What to work on:
With pictures left out, write out exactly every line from the start of the data through the one that contains "Planet Gates 6".

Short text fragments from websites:

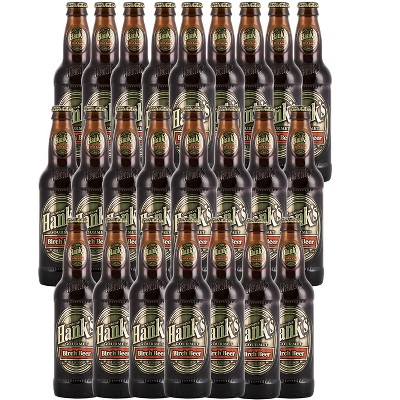 Hank's Genuine Gourmet Birch Beer, 12 fl oz Bottles – Premium Craft Soda with Rich, Robust Flavor – Authentic Northeast Recipe, Pack of 24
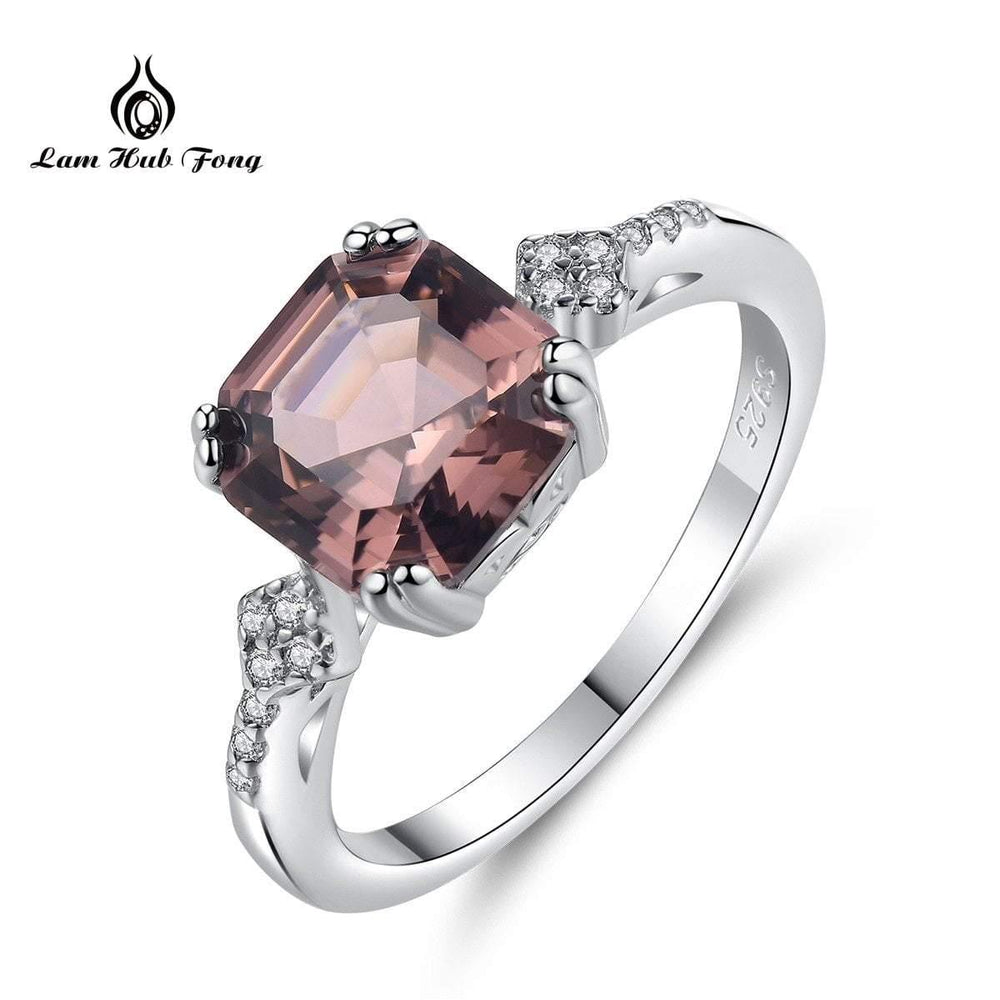 Planet Gates 6 / Brown Morganite Ring Wedding Ring Pure Solid 925 Sterling Silver Fine Jewelry Brown Ring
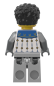 Preview: LEGO® Pferderitter bdp356 – Rückansicht mit bedrucktem Rittergewand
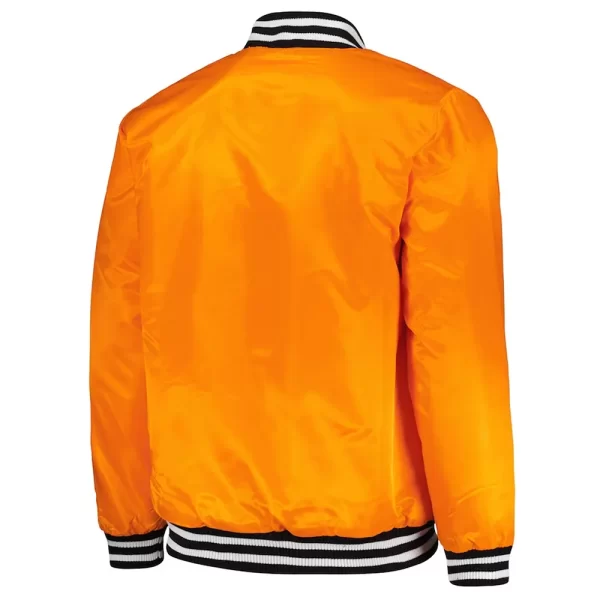 San Francisco Giants Cross Bronx Fashion Varsity Orange Satin Jacket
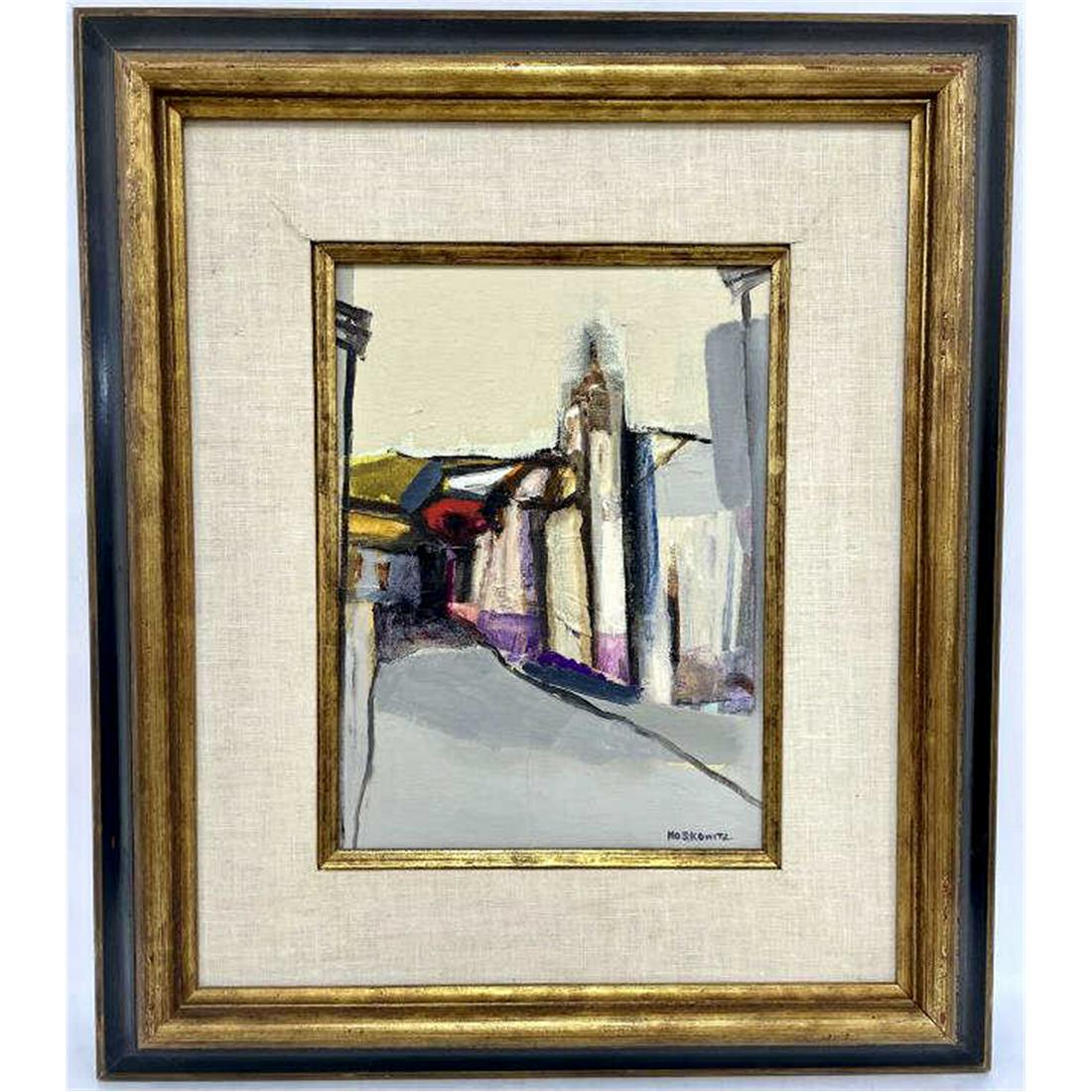 Painting, Oil on Board. Robert Moskowitz, American (1 of 3)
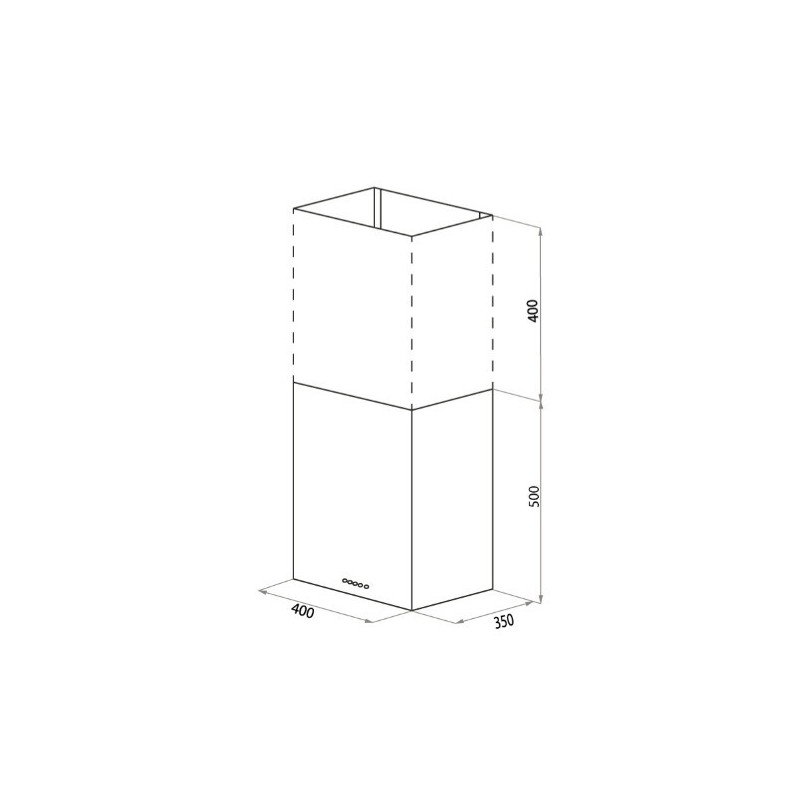 Вытяжка HOMSair Phlox Push 40 Inox размеры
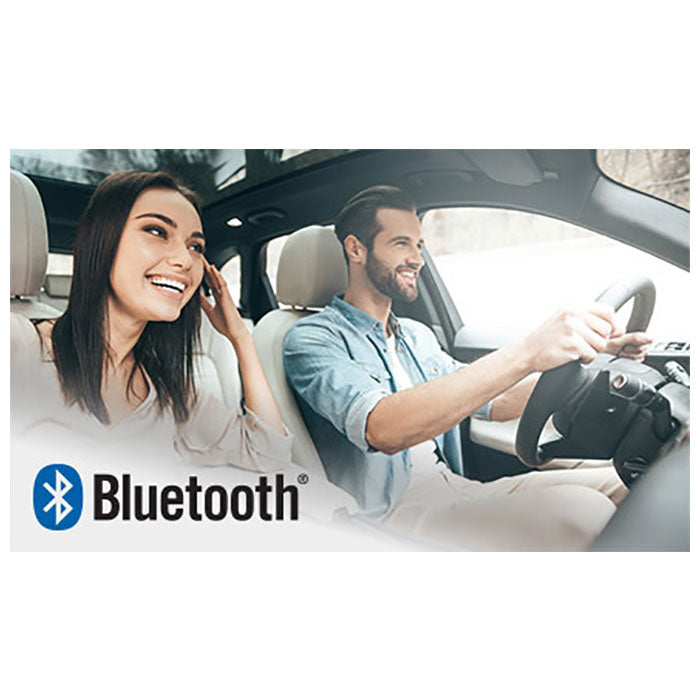 Bilradio med Bluetooth, USB og AUX, 2-line display - Alpine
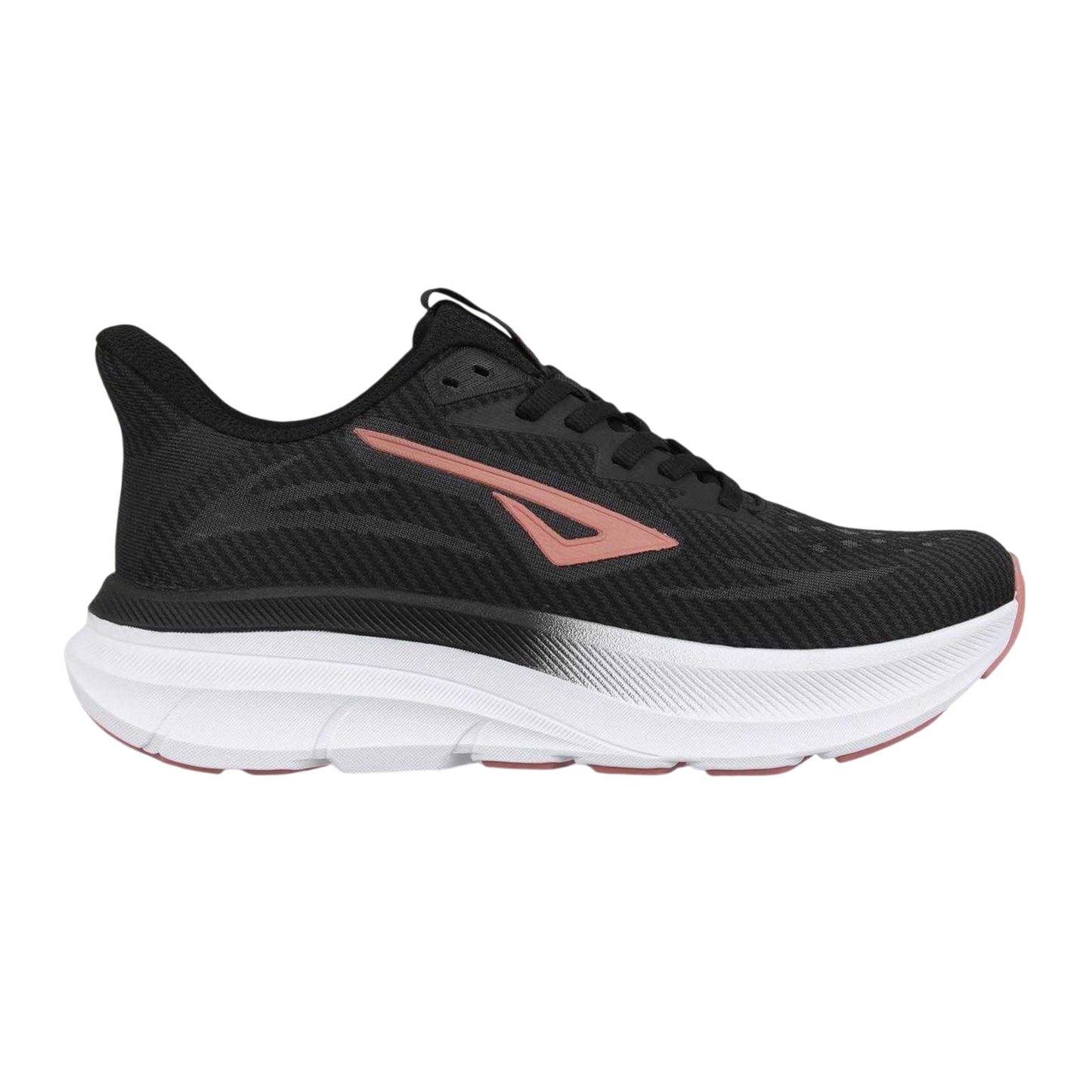 Black-Rose-Gold - Front - Karrimor Childrens-Kids Aintree Trainers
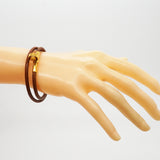 【6jgb0892-k】エルメス ブレスレット トゥルニ GPメッキ レザー ゴールド ブラウン【中古】レディース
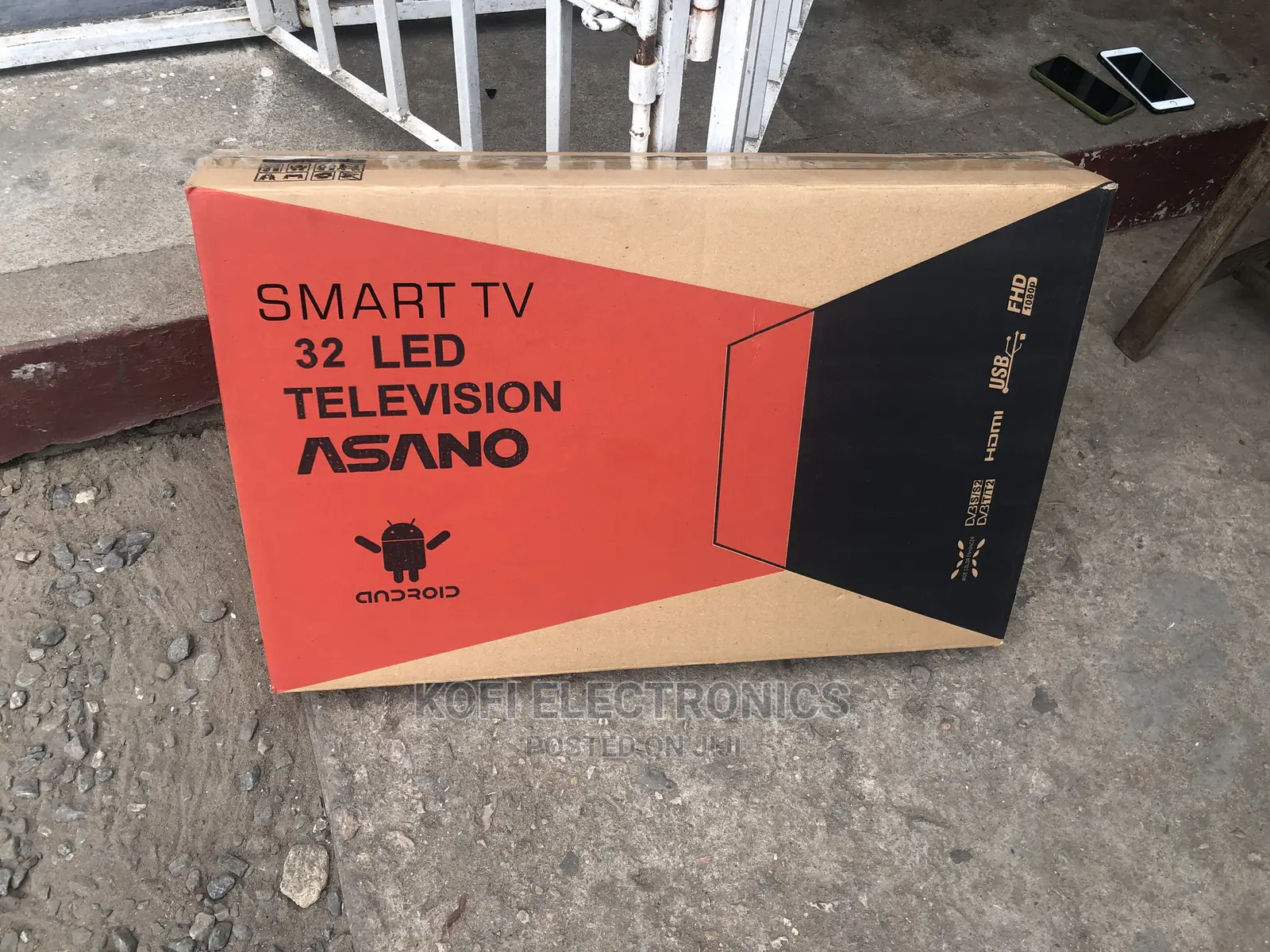 Amazing Smart Satellite Asano 32inches TV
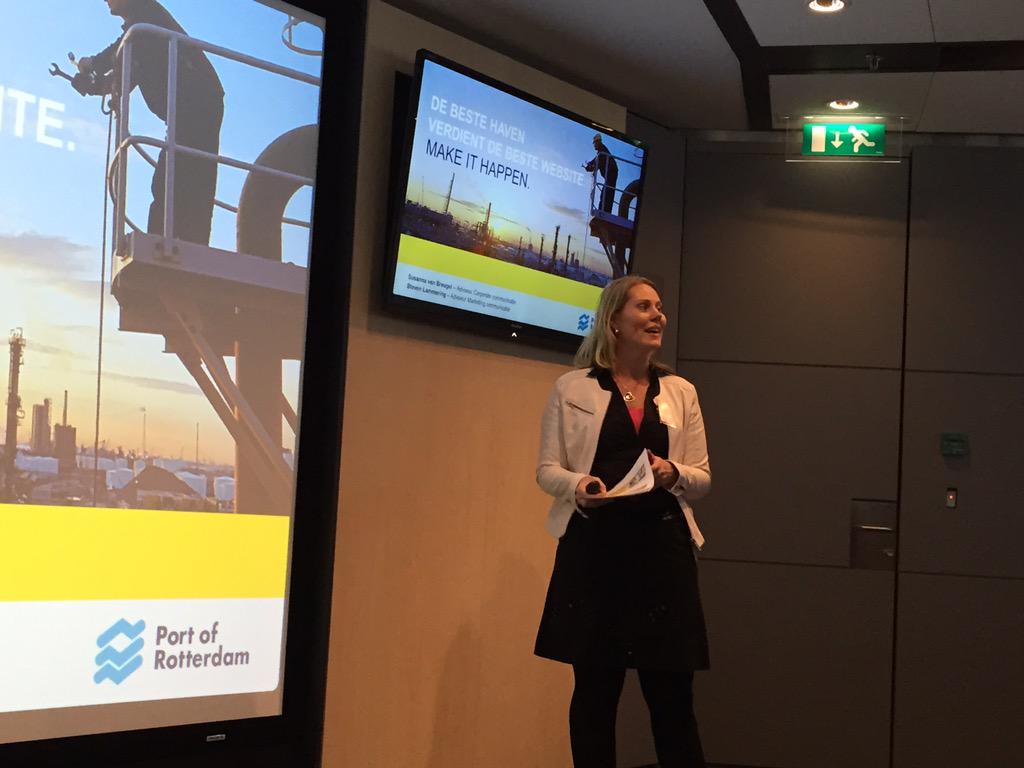 Anouska_'s tweet image. Collega @Susanna34 geeft sneak preview van de nieuwe website @HavenRotterdam op #PRactive #bijeenkomst #communicatie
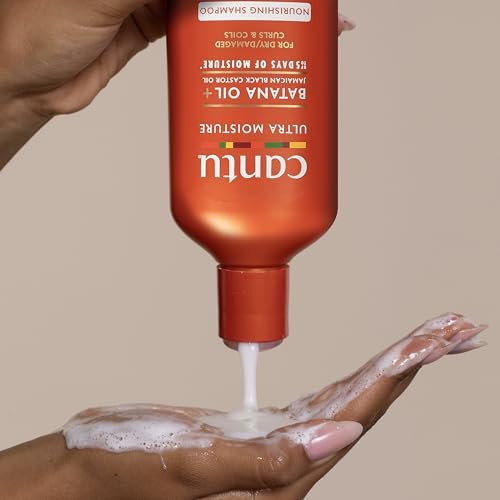Cantu Ultra Moisture Nourishing Shampoo with Batana Oil + Jamaican Black Castor Oil, 13 fl oz - görsel 10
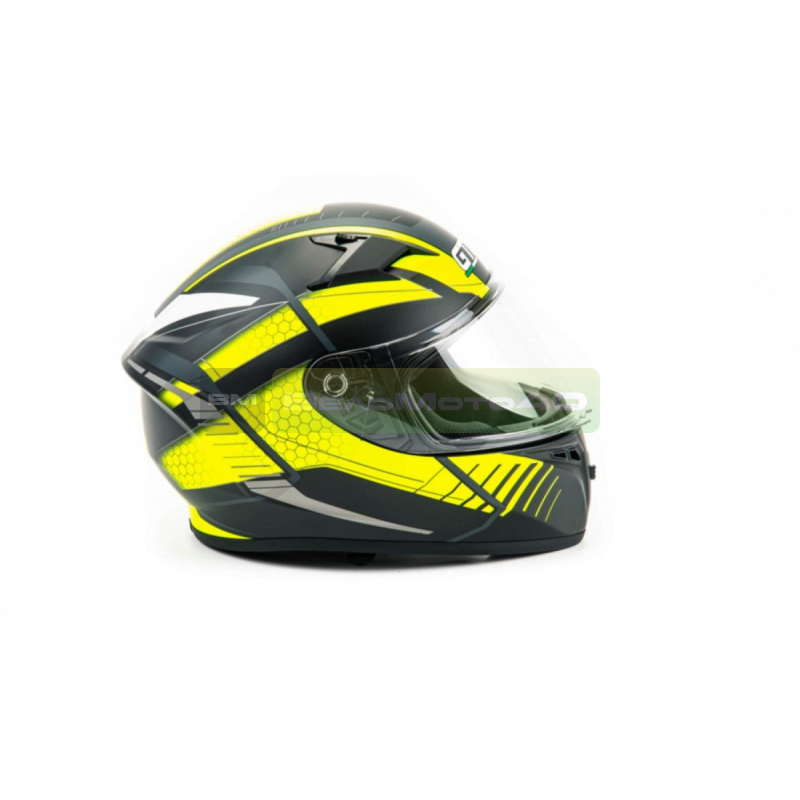 Шлем мото интеграл GTX 578 #1 (M) BLACK/YELLOW GREY ВелоМото40 Калуга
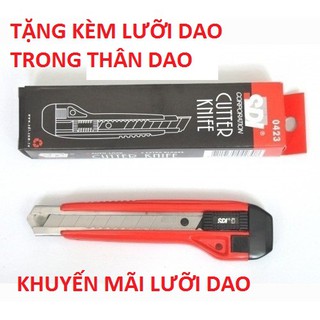 dao rọc giấy to, dao trổ to DSI 0423 TẶNG KÈM LƯỠI DAO TRONG THÂN DAO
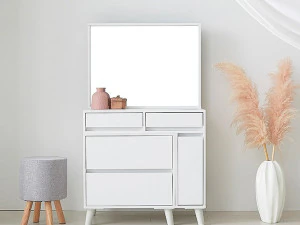 Rachel extended dressing table with mirror 3D Model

Exercise output:
 Hank's Genuine Gourmet Birch Beer, 12 fl oz Bottles – Premium Craft Soda with Rich, Robust Flavor – Authentic Northeast Recipe, Pack of 24
 Planet Gates 6 / Brown Morganite Ring Wedding Ring Pure Solid 925 Sterling Silver Fine Jewelry Brown Ring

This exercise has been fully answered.